Wednesday, January 03, 2007

The Dewey system

Fulham v Watford

New Year’s Day, Monday 1st January 2007

As his mother had not returned from her New Year’s revelries, Joss, who’d spent the night at his friend’s, was home alone without the money or means to get to Watford Junction and onto a train for Euston. Fortunately, Faisel was able to pick him up and ensure he got safely onto a delayed Silverlink service. I met him there and we tubed it to Hammersmith and walked the twenty five minutes along Fulham Palace Road to Craven Cottage. After I told him they’d held Chelsea on Saturday, Joss thought we’d lose this match. I was hoping their exertions combined with our shorter-than-usual match meant we might have a little more in the fuel tank.

There were barcodes on the tickets, which were read at the turnstiles, but still a steward at the gate. Pointless rationalisation. We had tops removed from our bottles (I was rehydrating myself) and walked behind the length of the Putney Stand - vibrating with our fans’ enthusiasm – to our seats on the left side near the front. A couple of kids who sit in front of us in the Rookery were in front of us here too. We kicked off and the fans kept up the noise but in the sixth minute Fulham (bloody ex-Horn Heidar Helguson again – this time with his head) had the ball in the back of the net. The Fulham crowd to the left of us, silent until now, were up and celebrating but I joined the Watford fans in taunting them (for their silence thus far, I guessed).

Watford were having trouble maintaining possession and Danny Shittu went off injured after only thirty minutes. Helguson put the ball in the net again but this was disallowed for offside and again we taunted the Fulham crowd, which was so quiet that the chant “Is this a library?” had been asked by the travelling Yellow Army. Our best chance of the half was headed over by Tommy Smith.
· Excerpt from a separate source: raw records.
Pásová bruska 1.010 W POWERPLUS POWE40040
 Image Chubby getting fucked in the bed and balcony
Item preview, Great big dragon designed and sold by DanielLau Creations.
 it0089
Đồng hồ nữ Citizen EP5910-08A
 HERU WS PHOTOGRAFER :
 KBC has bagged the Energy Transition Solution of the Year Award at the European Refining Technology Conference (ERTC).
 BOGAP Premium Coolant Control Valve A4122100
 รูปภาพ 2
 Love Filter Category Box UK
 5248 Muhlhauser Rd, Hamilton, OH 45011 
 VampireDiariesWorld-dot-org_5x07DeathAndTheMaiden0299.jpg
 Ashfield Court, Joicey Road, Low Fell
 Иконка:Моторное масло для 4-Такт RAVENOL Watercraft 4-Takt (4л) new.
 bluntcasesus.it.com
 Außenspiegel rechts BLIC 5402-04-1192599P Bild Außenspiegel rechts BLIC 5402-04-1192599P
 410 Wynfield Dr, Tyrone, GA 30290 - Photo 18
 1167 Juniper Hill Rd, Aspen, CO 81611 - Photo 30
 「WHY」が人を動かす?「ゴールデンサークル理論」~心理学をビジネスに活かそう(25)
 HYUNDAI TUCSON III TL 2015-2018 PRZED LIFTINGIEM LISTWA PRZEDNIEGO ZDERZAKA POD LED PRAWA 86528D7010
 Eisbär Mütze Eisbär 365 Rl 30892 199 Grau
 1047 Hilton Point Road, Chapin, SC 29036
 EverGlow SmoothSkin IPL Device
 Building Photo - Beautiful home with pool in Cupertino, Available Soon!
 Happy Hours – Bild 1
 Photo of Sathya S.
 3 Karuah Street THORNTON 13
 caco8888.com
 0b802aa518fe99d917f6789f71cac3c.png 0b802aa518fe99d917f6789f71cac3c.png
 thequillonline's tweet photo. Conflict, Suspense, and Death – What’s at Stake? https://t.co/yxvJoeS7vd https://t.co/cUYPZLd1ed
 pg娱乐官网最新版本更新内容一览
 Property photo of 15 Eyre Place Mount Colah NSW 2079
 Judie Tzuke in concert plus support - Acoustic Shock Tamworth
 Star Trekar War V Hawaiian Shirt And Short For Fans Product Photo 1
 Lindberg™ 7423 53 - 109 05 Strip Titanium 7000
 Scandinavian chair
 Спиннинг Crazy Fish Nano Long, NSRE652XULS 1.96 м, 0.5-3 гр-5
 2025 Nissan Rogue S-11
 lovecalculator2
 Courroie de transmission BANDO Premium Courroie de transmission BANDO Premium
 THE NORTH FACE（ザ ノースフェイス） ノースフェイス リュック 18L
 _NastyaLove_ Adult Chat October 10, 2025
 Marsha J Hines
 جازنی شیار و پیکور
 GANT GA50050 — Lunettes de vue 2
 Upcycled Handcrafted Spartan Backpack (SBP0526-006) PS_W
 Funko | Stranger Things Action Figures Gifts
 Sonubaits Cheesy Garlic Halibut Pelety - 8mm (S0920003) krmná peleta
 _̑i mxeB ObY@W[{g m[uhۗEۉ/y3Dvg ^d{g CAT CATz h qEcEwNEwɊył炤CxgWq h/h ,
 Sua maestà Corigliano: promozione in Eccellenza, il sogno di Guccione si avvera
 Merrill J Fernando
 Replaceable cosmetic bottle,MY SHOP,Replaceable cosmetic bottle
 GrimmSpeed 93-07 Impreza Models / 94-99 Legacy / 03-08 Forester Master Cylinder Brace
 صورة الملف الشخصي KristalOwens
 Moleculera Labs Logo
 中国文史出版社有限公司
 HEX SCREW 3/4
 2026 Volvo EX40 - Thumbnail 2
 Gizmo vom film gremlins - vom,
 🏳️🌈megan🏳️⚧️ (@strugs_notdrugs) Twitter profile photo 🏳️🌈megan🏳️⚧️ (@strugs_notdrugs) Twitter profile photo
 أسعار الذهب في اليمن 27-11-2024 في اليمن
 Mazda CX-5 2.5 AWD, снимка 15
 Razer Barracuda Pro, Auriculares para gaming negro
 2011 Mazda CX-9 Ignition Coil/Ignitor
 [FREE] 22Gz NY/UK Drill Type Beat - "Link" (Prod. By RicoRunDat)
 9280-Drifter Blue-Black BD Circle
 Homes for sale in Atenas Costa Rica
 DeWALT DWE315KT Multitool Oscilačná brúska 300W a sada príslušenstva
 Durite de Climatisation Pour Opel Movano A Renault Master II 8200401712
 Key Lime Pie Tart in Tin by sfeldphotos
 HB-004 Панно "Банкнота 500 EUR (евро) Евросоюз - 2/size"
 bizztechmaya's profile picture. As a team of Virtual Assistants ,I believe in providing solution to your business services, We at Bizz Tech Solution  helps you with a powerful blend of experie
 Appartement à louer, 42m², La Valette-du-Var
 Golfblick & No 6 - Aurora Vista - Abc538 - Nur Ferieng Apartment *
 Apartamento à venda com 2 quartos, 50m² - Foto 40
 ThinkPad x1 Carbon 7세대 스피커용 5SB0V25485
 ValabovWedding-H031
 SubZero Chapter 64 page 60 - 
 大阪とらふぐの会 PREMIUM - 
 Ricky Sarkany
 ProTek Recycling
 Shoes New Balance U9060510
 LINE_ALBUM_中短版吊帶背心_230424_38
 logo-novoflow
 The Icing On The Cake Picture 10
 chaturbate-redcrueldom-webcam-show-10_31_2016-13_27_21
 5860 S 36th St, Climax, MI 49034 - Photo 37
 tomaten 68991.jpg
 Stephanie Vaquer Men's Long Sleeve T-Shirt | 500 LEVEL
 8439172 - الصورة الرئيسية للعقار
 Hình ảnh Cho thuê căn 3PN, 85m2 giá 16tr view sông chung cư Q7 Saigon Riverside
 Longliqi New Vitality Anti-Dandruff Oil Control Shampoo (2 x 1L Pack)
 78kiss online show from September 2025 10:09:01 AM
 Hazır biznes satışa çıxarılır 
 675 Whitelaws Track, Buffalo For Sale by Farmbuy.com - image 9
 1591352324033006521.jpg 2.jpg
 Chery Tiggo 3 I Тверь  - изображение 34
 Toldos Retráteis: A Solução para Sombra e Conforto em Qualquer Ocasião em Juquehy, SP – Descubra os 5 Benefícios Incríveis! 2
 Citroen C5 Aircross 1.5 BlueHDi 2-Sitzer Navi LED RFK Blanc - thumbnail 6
In the break, we drank hot chocolate from my flask and identified the flags in the programme denoting the players’ nationalities.

Smith didn’t come out for the second half (Boothroyd later claimed it was the worst half of football of our season so far but I am not convinced) but was replaced by Henderson to the dismay of some around us. There is an element which sings his name though, and had even done so as he warmed up on the touchline in the first half. It can only be based on previous form. His first shot was weak though on target and somehow he was penalised when Fulham defender and keeper collided, resulting in an eight minute delay and the stretchering off of Anti Niemi, who’d landed head first. I hoped the reserve keeper would be out of practice but even the thought is merely a triumph of naivety over experience.

With about 20 minutes remaining, Joss said he thought it’d end up 0-0. I frowned down at him. How could it, when it was already 1-0 to Fulham I harrumphed. It’s not, he correctly replied and drew my attention to the scoreboard behind us. The first “goal” had also been ruled offside, which is why our fans had been mocking the Fulham crowd. I’d spent almost the entire game thinking we were losing when we weren’t. It was a welcome relief as well as a bit of an embarrassment. Classify that under “not paying enough attention to the pitch.”

We urged the Golden Boys on for the nine minutes of rainy added time and Henderson produced a fantastic shot, reminiscent of Marlon King’s goal against West Ham, which thundered off the crossbar. It was certainly the best I’ve seen of him this season and you wonder whether it might have lifted his game if it had gone in. Fulham could also have won it at the death, when Ben Foster, who’d commanded his box superbly, coming out and claiming corners and through balls, was rounded by Collins John. Foster managed to push the ball out wide though and John could only hit the side netting. The game ended with Tamas Priskin, who’d looked quite sharp in the first half but quieter in the second on the right, got a second yellow.

On the train back we chatted with a QPR fan who got on at Shepherd’s Bush with his sister and who was so engrossed in conversation with us that when he got off he bade us farewell and ignored her. She called after him but was clearly then embarrassed by the event, sitting opposite those who witnessed her apparent insignificance. After pizza and pasta at home, we went bowling with Jun, Miho and Deyika and my form was so bad that big Watford Boy was beaten by smaller Watford Boy for the first time. Plus, I lost a tenner to Deyika, as I finished last of the five.

Tuesday 2nd January

Today’s paper details a transfer I heard a fan talking about as we trooped out yesterday. Watford have signed the striker Moses Ashikodi, who was released by Millwall after apparently threatening a team-mate with a knife. “One for the future” is Betty’s verdict. Let’s hope we get some for now, too.